# [ACTION ITEM]
Please restate the records below verbatim, omitting every image they hold.
[DATA FOR ANALYSIS — start]
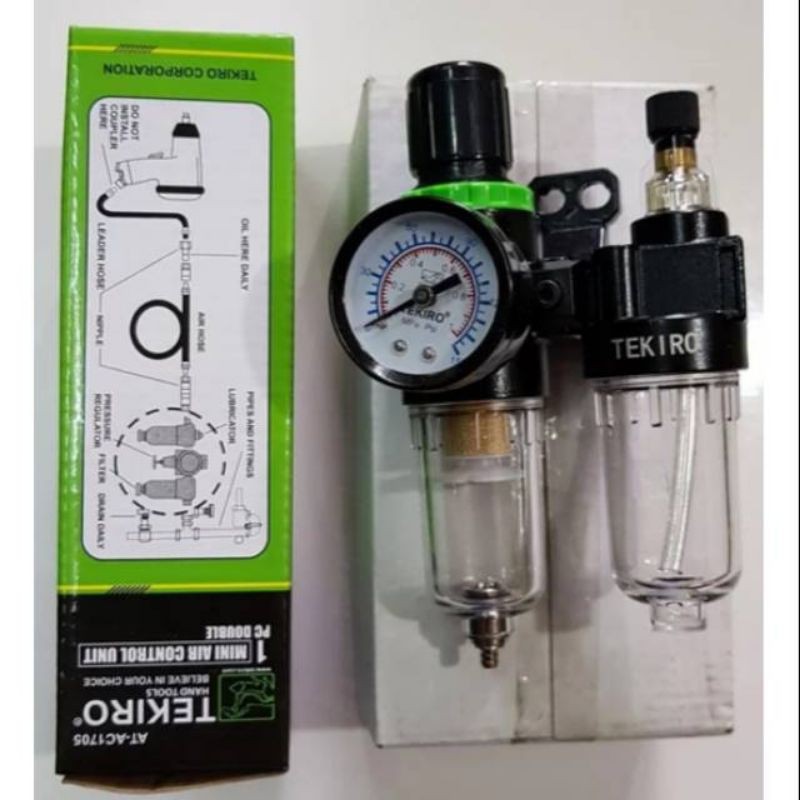 FILTER UDARA KOMPRESOR SARINGAN UDARA 2 TABUNG AIR FILTER TEKIRO
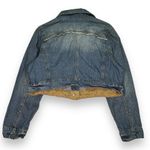 Vintage Y2K Denim Cropped Jacket Womens 14/16 (Large)‎ Blue Photo 1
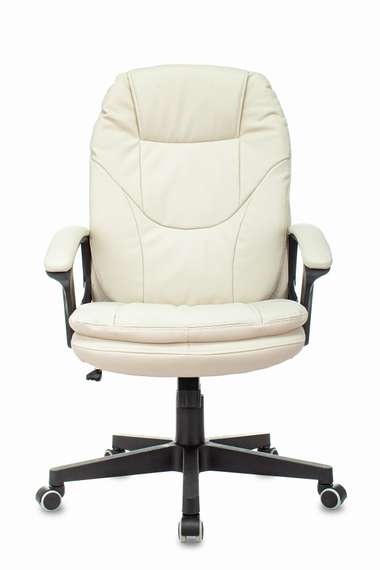 Кресло руководителя Бюрократ CH-868N слоновая кость OR-10 эко.кожа крестов. пластик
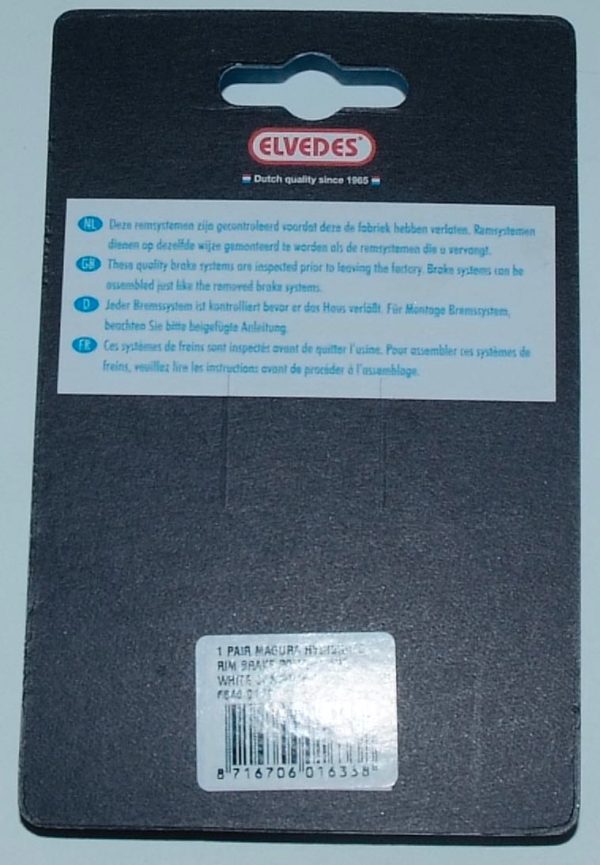 Elvedes velgremblokjes (1paar) Magura HS11/HS33 wit - Afbeelding 2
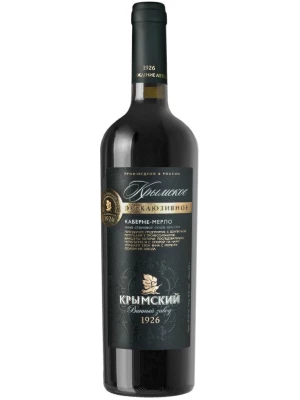 Вино Крымское Эксклюзивное Каберне-Мерло 0.75 л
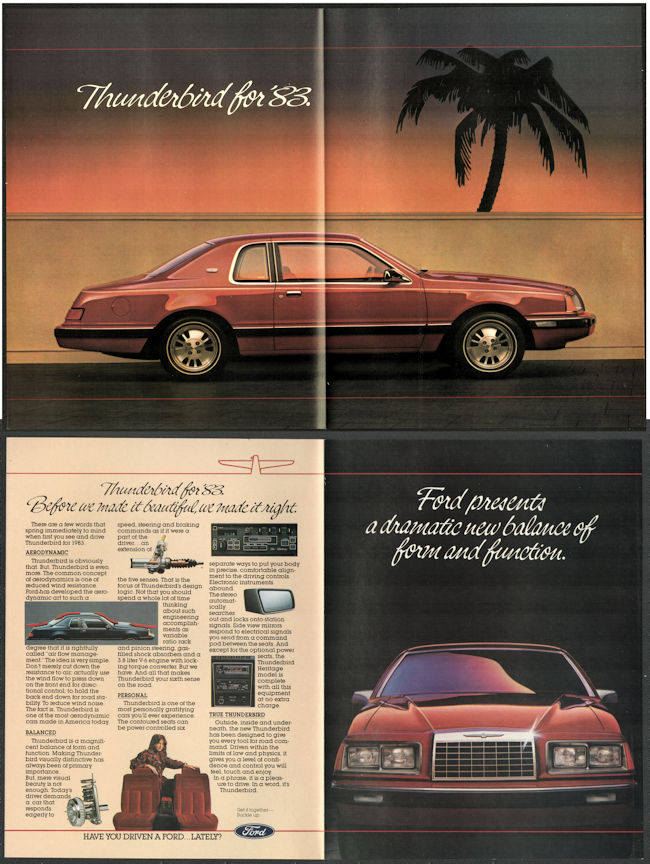 #BGTransport168 - Full Color Dealer Brochure for the 1983 Ford Thunderbird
[DATA FOR ANALYSIS — finish]
# [ANSWER BOX]
 FILTER UDARA KOMPRESOR SARINGAN UDARA 2 TABUNG AIR FILTER TEKIRO
 Vintage Y2K Denim Cropped Jacket Womens 14/16 (Large)‎ Blue Photo 1
 Кресло руководителя Бюрократ CH-868N слоновая кость OR-10 эко.кожа крестов. пластик
 Elvedes velgremblokjes (1paar) Magura HS11/HS33 wit - Afbeelding 2
 Вино Крымское Эксклюзивное Каберне-Мерло 0.75 л
 #BGTransport168 - Full Color Dealer Brochure for the 1983 Ford Thunderbird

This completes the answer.